O prolongamento da guerra na Ucrânia e a ampliação do cerco econômico à China tendem a destroçar ainda mais as relações mundiais. Eis por que se torna mais visível o espectro de uma pré-guerra mundial. A peregrinação do presidente da Ucrânia pelos parlamentos europeus, exortando um volume maior de armas avançadas, segue a estratégia do Pentágono de prolongar a guerra ao ponto de esgotar as forças da Rússia, que, no momento, retomaram a iniciativa na região de Donbass, antecipando à chegada dos tanques de guerra alemães e ingleses.
A Alemanha acabou cedendo às pressões dos Estados Unidos para que enviasse os tanques Leopard. O próximo passo será o envio de caças. O que tornará a intervenção da OTAN mais direta, e mais propensa a tornar a guerra mais ampla, podendo ultrapassar os marcos da Ucrânia. É sintomático que o presidente da França tenha declarado que o fornecimento de caças é possível. Até pouco tempo, a recusa ao pedido de Zelensky se devia ao risco de a OTAN se envolver diretamente no conflito e abrir caminho para um enfrentamento aberto com a Rússia.

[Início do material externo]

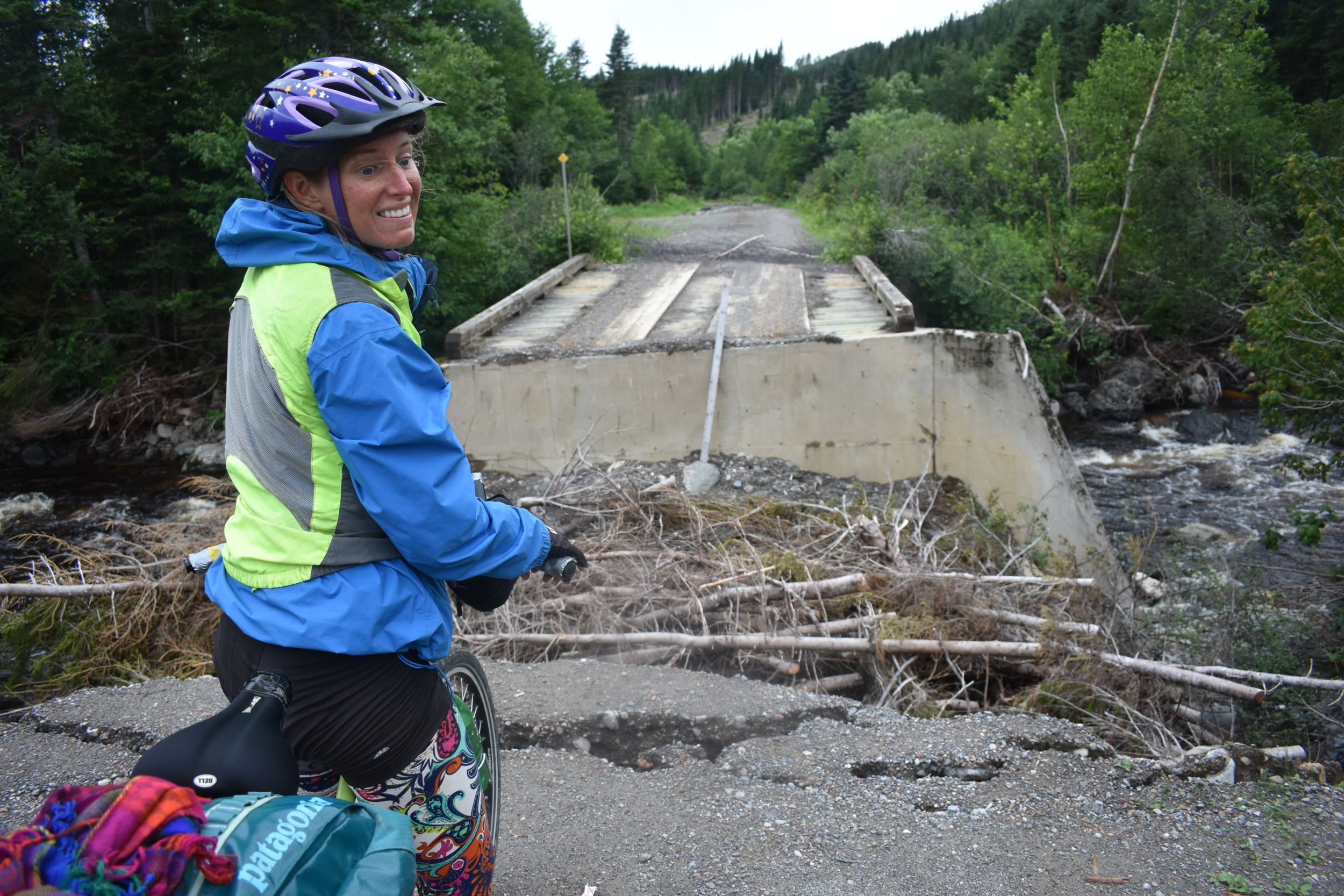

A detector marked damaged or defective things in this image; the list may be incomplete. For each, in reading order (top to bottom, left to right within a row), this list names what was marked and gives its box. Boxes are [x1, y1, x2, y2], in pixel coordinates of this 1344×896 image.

cracked asphalt [2, 658, 1344, 896] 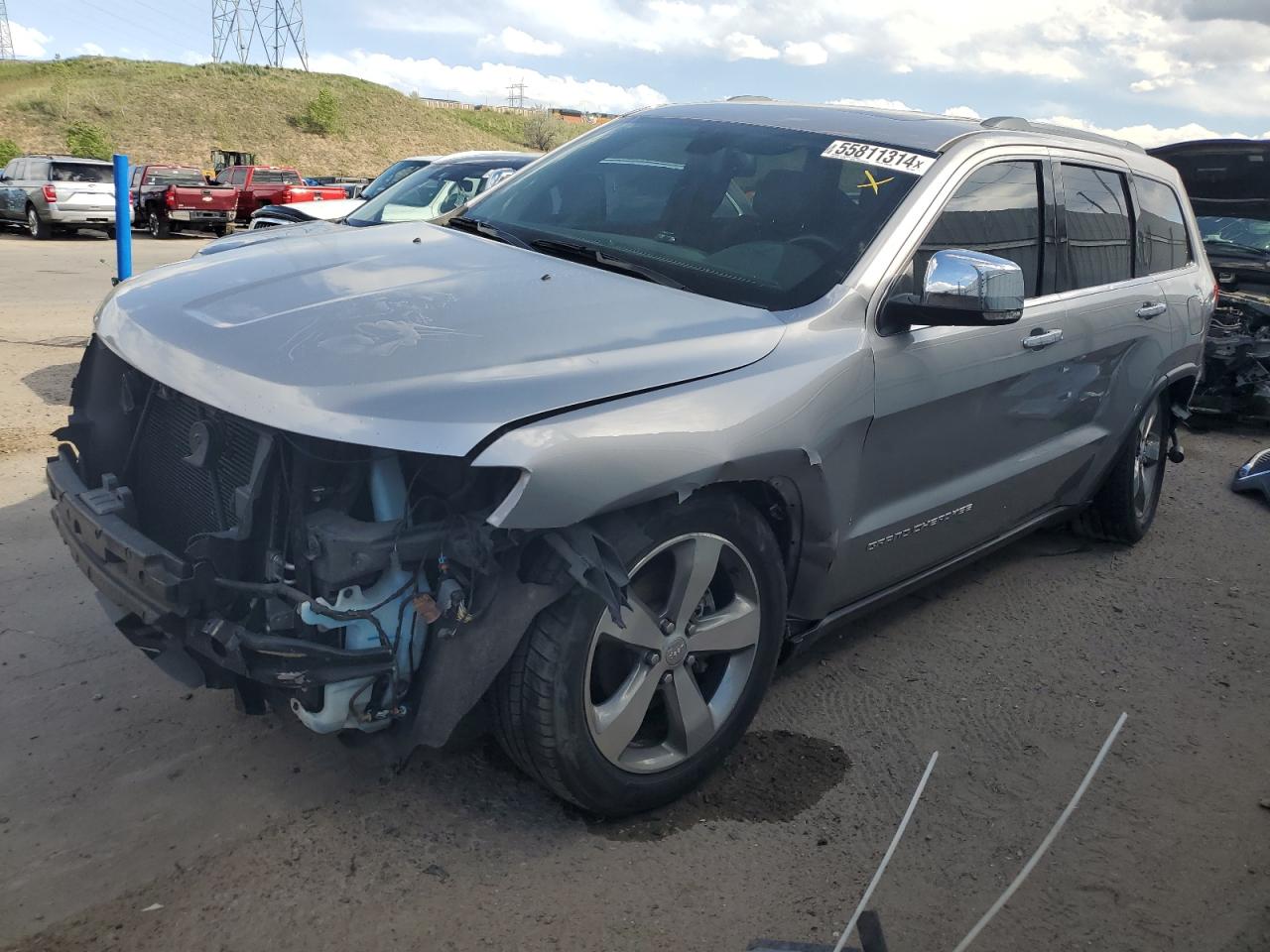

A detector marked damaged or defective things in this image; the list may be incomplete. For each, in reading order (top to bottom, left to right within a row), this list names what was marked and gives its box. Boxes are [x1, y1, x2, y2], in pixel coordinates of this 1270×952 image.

A guerra completará um ano em 24 de fevereiro. Tudo indica que a reconquista pelas forças russas de parte significativa de Donbass não resultará em fim do confronto. Novas sanções econômicas à Rússia anunciadas pela Comissão Europeia e maior aparelhamento militar das Forças Armadas da Ucrânia correspondem à escalada bélica em pleno vapor.
O governo de Lula está diante desse quadro de crescente barbárie capitalista. Poderá manobrar por um tempo sob a diretriz da neutralidade, mas, diante de um maior agravamento do choque bélico, se verá pressionado por poderosos setores da burguesia nacional e pelos generais a se alinhar por detrás dos Estados Unidos e do seu bloco europeu. O primeiro sinal foi o de condenar a Rússia e livrar o imperialismo de responsabilidade, quando, de fato, as potências têm transformado a Ucrânia em bucha de canhão, para atingir objetivos expansionistas e anexacionistas. Não poderíamos esperar outra conduta de Lula e do PT, que encarnaram plenamente a política burguesa de dominação dos explorados. Inevitavelmente, caminhariam para posições pró-imperialistas.
A luta da vanguarda com consciência de classe é de unir o proletariado sob a bandeira de fim da guerra e por uma paz sem anexação, que garantam o desmonte do cerco da OTAN à Rússia, imponham a autodeterminação da Ucrânia, interrompam a escalada militar e obstaculizem o curso de uma conflagração generalizada. Esse combate somente pode se dar sob o programa da revolução e do internacionalismo proletário. O Comitê de Enlace pela Reconstrução da IV Internacional (CERQUI) chama a vanguarda revolucionária a combater nesse terreno de classe.